#### YOUR GOAL
Retype, word for word, each line between the lines holding "Generative AI Tourist" and "Lawazim 5inch Pneumatic", inclusive, and leave the rest of the data alone.
** RECORD EXTRACTS follows **
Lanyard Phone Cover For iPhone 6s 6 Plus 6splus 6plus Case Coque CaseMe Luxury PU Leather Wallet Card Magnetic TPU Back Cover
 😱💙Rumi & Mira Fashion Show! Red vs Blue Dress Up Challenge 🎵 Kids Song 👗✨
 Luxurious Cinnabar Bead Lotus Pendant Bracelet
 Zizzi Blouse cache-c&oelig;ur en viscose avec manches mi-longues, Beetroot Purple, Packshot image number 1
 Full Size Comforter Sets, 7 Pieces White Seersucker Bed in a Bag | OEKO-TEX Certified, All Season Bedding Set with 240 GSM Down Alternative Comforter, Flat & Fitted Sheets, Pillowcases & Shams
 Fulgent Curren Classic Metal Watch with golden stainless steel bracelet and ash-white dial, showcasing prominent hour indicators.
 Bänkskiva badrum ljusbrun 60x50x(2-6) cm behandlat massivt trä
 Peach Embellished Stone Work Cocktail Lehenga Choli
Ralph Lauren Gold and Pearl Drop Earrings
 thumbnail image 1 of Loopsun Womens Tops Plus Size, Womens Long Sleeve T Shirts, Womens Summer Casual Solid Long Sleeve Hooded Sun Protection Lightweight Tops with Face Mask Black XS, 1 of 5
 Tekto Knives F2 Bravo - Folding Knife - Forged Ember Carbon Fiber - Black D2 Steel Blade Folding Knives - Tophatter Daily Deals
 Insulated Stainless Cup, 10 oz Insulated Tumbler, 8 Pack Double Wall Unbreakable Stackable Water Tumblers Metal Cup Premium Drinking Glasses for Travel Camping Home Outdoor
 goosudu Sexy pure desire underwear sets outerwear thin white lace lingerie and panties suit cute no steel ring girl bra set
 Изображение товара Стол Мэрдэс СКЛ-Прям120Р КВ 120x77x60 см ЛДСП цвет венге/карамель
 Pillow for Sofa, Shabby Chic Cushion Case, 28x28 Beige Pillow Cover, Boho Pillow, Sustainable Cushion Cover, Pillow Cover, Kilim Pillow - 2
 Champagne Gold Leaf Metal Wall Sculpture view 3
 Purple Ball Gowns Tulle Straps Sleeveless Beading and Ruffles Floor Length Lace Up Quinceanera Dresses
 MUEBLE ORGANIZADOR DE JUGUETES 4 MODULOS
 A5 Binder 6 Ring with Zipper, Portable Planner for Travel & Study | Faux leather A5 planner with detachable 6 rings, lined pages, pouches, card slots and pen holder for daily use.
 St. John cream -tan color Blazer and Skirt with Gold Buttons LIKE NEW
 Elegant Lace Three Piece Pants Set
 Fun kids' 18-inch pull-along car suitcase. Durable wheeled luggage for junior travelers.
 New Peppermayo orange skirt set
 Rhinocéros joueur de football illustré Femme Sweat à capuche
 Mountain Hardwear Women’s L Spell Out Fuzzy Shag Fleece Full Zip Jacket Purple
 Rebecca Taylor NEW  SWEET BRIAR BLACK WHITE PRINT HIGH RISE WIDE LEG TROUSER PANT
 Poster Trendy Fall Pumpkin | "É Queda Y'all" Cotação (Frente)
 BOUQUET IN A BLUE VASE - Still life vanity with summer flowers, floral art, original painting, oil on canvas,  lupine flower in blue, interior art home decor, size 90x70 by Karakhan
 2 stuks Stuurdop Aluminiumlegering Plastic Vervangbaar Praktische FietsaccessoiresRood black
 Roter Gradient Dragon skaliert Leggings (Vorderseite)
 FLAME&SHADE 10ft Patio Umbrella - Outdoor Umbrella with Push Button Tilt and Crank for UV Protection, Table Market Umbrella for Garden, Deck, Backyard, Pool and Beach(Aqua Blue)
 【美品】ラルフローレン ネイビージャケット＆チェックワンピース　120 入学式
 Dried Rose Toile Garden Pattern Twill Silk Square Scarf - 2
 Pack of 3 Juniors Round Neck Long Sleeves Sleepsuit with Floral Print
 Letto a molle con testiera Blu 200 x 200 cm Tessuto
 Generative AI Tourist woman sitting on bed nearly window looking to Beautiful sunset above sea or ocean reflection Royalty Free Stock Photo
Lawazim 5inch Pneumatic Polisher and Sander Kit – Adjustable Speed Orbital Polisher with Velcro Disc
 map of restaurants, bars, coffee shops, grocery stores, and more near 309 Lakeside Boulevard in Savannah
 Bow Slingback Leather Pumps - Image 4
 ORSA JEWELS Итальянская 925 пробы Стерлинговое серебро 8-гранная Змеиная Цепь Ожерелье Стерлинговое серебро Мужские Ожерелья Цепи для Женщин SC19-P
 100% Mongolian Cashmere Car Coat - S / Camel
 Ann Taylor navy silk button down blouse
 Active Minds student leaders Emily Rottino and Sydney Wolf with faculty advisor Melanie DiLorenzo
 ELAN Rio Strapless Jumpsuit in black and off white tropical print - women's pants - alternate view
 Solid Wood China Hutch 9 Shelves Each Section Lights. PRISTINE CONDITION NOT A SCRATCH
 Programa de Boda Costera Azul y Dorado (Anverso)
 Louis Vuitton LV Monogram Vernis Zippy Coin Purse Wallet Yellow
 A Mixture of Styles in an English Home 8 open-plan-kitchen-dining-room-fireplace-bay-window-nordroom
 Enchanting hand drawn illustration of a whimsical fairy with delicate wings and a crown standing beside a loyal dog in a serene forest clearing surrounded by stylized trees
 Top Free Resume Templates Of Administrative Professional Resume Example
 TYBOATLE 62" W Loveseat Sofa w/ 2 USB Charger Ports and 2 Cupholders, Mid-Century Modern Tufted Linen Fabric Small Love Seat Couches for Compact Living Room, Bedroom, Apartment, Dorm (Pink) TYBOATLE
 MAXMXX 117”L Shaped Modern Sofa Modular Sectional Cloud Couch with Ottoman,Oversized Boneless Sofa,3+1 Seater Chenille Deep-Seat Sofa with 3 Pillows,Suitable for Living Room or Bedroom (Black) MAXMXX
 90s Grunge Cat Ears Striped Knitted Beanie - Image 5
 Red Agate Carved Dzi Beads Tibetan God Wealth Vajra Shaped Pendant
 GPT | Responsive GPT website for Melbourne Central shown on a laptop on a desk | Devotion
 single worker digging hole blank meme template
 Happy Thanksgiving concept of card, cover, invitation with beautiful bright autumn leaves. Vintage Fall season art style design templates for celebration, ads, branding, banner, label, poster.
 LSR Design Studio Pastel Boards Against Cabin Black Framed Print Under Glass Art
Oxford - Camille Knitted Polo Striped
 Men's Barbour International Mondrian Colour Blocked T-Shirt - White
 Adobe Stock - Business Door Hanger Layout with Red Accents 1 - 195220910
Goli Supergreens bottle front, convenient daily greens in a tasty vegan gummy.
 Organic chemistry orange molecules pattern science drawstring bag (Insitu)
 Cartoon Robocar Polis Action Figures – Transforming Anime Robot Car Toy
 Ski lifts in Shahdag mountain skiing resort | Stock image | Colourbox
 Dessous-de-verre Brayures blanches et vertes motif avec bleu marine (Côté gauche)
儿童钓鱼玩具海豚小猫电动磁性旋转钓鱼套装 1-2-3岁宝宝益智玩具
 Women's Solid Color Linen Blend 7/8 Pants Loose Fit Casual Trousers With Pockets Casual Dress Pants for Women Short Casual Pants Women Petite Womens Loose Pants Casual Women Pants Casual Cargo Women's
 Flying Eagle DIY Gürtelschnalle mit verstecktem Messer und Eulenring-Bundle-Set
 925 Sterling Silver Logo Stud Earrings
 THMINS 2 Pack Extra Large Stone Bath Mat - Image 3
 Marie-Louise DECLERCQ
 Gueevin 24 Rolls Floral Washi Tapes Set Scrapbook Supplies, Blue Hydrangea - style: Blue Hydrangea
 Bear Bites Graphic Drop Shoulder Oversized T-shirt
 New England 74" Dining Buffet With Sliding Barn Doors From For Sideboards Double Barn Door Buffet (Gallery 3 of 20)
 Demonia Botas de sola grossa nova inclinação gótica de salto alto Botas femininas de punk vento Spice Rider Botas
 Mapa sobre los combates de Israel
** End of RECORD EXTRACTS **
#### SOLUTION FOR THIS TASK
 Generative AI Tourist woman sitting on bed nearly window looking to Beautiful sunset above sea or ocean reflection Royalty Free Stock Photo
Lawazim 5inch Pneumatic Polisher and Sander Kit – Adjustable Speed Orbital Polisher with Velcro Disc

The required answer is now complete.